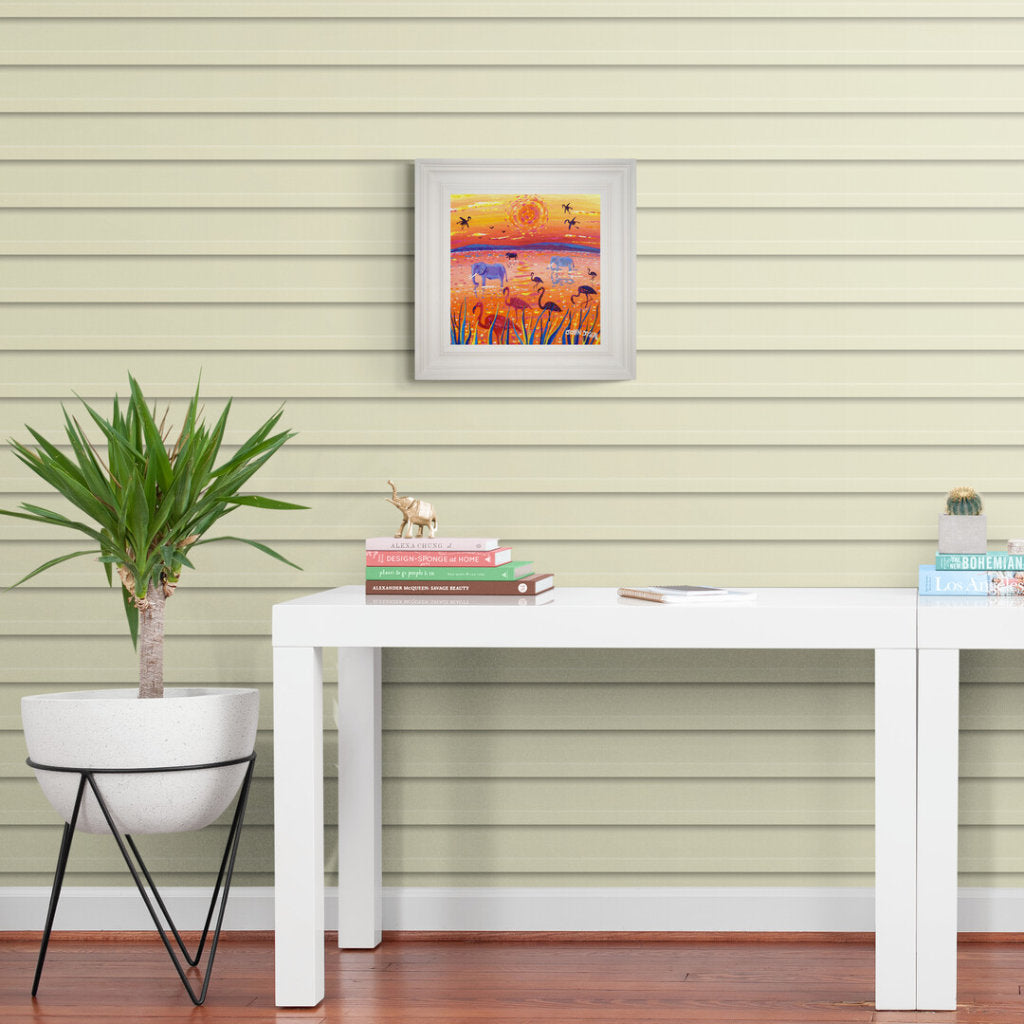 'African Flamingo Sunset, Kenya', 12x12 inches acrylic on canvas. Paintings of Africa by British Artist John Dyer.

---

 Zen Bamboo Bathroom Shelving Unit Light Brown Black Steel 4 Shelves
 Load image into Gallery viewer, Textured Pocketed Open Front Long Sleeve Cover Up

* * *

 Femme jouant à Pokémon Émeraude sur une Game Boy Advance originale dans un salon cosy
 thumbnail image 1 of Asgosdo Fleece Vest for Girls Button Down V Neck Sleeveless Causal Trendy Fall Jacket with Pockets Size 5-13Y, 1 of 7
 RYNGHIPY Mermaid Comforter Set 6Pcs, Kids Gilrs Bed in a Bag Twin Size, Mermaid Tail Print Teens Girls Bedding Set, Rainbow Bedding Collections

The task => Considering only the material above, set down every line from the one with "Femme jouant à" to the one with "RYNGHIPY Mermaid Comforter", inclusive, exactly as written.

Expected answer =>
 Femme jouant à Pokémon Émeraude sur une Game Boy Advance originale dans un salon cosy
 thumbnail image 1 of Asgosdo Fleece Vest for Girls Button Down V Neck Sleeveless Causal Trendy Fall Jacket with Pockets Size 5-13Y, 1 of 7
 RYNGHIPY Mermaid Comforter Set 6Pcs, Kids Gilrs Bed in a Bag Twin Size, Mermaid Tail Print Teens Girls Bedding Set, Rainbow Bedding Collections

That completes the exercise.